Yes, it was as dopey as you'd expect. Next.
Introvert Power: Why Your Inner Life Is Your Hidden Strength, by Laurie A. Helgoe (Naperville, IL: Sourcebooks, 2008)
"This book describes the power of introversion and how to take advantage of it. Helgoe addresses common beliefs about introversion, such as connections to mental illness, and societal taboos against solitude; the importance of private space, thinking, and observation; and how to bring aspects of introversion to the extroverted world. Helgoe, an introvert herself, is a writer and psychologist."
Table of Contents:
Part I: Antisocial, Weird, or Displaced?
- Chapter 1: The Mistaken Identity
- Chapter 2: Alone Is Not a Four-Letter Word
- Chapter 3: Becoming an Alien
- Chapter 4: "Anyone Else IN?"
- Chapter 5: Meditating with the Majority: The Introverted Society
- Chapter 6: A Room of Your Own
- Chapter 7: The Time to Think
- Chapter 8: The Right to Retreat
- Chapter 9: The Freedom of a Flaneur
- Chapter 10: Inroads to Intimacy
- Chapter 11: The Conversation Conundrum
- Chapter 12: The Anti-Party Guide
- Chapter 13: Why Did I Want to Work with People?

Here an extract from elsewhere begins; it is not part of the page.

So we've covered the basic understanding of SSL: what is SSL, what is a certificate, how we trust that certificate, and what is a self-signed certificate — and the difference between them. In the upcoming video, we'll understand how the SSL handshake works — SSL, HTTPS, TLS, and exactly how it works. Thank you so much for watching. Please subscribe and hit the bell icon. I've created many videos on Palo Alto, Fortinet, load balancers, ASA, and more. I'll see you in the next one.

- Chapter 14: The Downside to Self-Containment
- Chapter 15: Showing Up for Relationships
- Chapter 16: From Apology to Acceptance -- and Beyond
- Chapter 17: Celebrating Introversion
- Chapter 18: Expressing What's in There
- Chapter 19: Moshing on Your Own Terms
- Chapter 20: Introvert Power
A bit extreme, though maybe that's because I always test out just this side of the E/I continuum, and the book may be written for folks further in the "I" direction than I am. Appreciated Helgoe's pointing out that introverts are slightly over 50% of the population; I'd always heard a much smaller figure myself. I also enjoyed the recommendations about not apologizing for one's introversion -- just plain up and admitting that you don't care for big, loud cocktail parties if that's the case, rather than making up some excuse and claiming that you really wish you could go. I do think she spends a bit too much time disparaging the extroverts, and paints them with a brush just about as broad as she claims they've pigeonholed introverts in the past. Another book called The Introvert Advantage (I think) which I recall reading a few years back was better, IMO.
Wednesday, November 16, 2011
"From New York Times-bestselling author Lisa Lutz and David Hayward, a hilarious and original tag-team novel that reads like Weeds crossed with Adaptation.

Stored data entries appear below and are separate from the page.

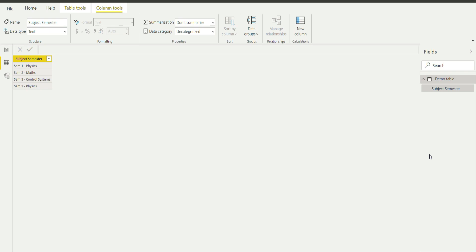Hello everyone. Welcome back to our channel ML4Analytics. I am Jyoti and today I will be telling you how to do multiple text search in a column having multiple strings using SEARCH, FIND, and SWITCH functions of DAX, and how to include it as a new calculated column. This will be part of our series DAX Hacks. Let's get started.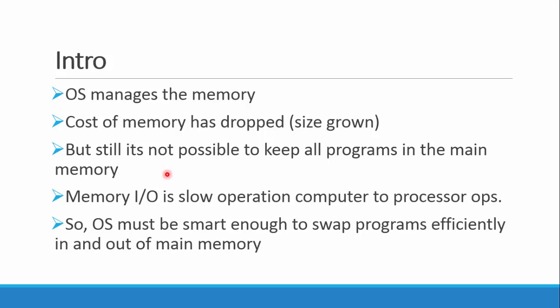Programs are mostly stored in the secondary memory which are not required at a time, and the currently running programs are kept in the main memory. So what needs to be done is that our OS must be smart enough so it can efficiently swap the programs and keep the computer working smoothly.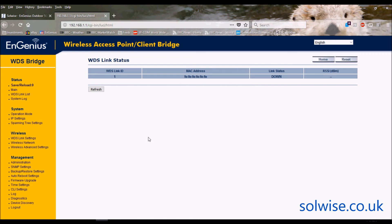That's the ENStation 5 — a nice bridge unit ideal for bridging distances from 1km up to 5km or more depending on required throughput. It's a stable piece of kit; we sell a lot of them, and it's the kind of product you set up and never hear complaints about. It does what it says on the tin.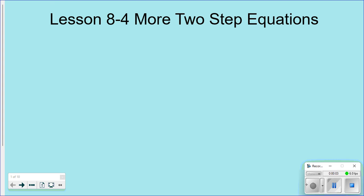Today's lesson is 8-4: Solving More Two-Step Equations. We learned about how to solve two-step equations a few days ago. There are also a few other types of equations covered in today's lesson. The good news is it's things we've learned before, so it shouldn't be too difficult, and you have a choice today of how you want to solve these problems.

"Meet Paul and Lacey Hansen: orphaned, pot-growing, twentysomething siblings eking out a living in rural Northern California. When a headless corpse appears on their property, they can't exactly dial 911, so they move the body and wait for the police to find it. Instead, the corpse reappears, a few days riper ... and an amateur sleuth is born. Make that two.
"But that's only half the story. When collaborators Lutz and Hayward -- former romantic partners -- start to disagree about how the story should unfold, the body count rises, victims and suspects alike develop surprising characteristics (meet Brandy Chester, the stripper with the Mensa IQ) and sibling rivalry reaches homicidal intensity. Will the authors solve the mystery without killing each other first?"

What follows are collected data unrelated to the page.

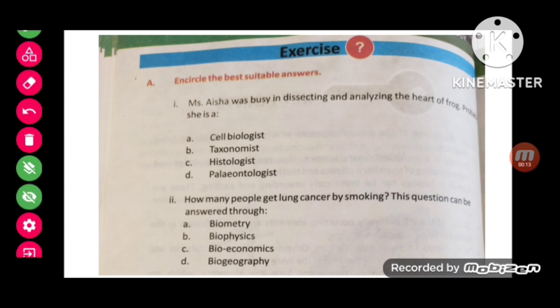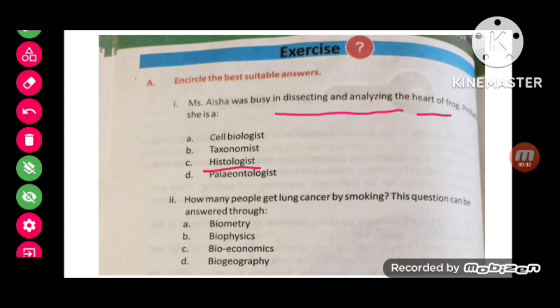MCQ number 1: Ms. Aisha was busy in dissecting and analyzing the heart of a frog. If Ms. Aisha is studying the frog's heart, we have studied that the heart is an organ, and the organ is made of tissue. So when the study of tissue is called histology, she may be a histologist.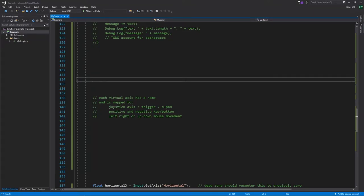Unity has a concept called virtual axes. A virtual axis is mapped to some kind of actual physical input like a joystick axis, but whatever it's mapped to, when we read its value, what we get back is a value between negative 1 and positive 1, where 0 is the neutral value in between.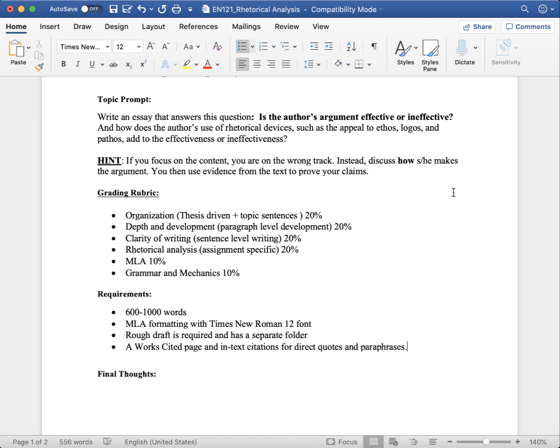You're graded on organization, which means it's driven by your thesis. You have your thesis underlined. Your topic sentence is the first line of every body paragraph. That's organization.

"Dave, I just finished the first chapter of a new novel -- a real crime novel with a dead body and all -- and I thought of you."
Maybe I've just fallen for the gimmick, but this was an OK (slightly muddled, as you'd expect) novel made much funnier and more interesting because of the meta-story. As noted above, the authors took turns writing alternating chapters -- without having agreed on a plot line or details in the beginning. Neither knew till they saw each chapter what his/ her cowriter would have done, and as you'd expect with exes, they don't always see eye to eye. They did establish a rule that neither could undo plot development established by the other, but they also have a good bit of fun seeing just how far they can push this rule. (Without spoiling too much, I had "He's really most sincerely dead" running through my head more than once.)
Other than that, the less said about the plot, the better ... but if it sounds funny, give it a read.
"Rachel, the daughter of a Danish mother and a black G.I., becomes the sole survivor of a family tragedy after a fateful morning on a Chicago rooftop.
"Forced to move to a new and strange city, with her strict African American grandmother as her new guardian, Rachel is thrust for the first time into a mostly black community, where her light brown skin, startling blue eyes, and beauty bring a constant stream of attention her way. It's there, as she grows up and tries to swallow her grief, that she comes to understand how the mystery and tragedy of her mother might be connected to her own uncertain identity. Raised by her mother to think of herself as white, Rachel is now expected to 'act black.' And all the while, she keeps asking herself why she has to be defined by her skin, and whether labels say more about who she is, or more about a world that attempts to brand her as black or white."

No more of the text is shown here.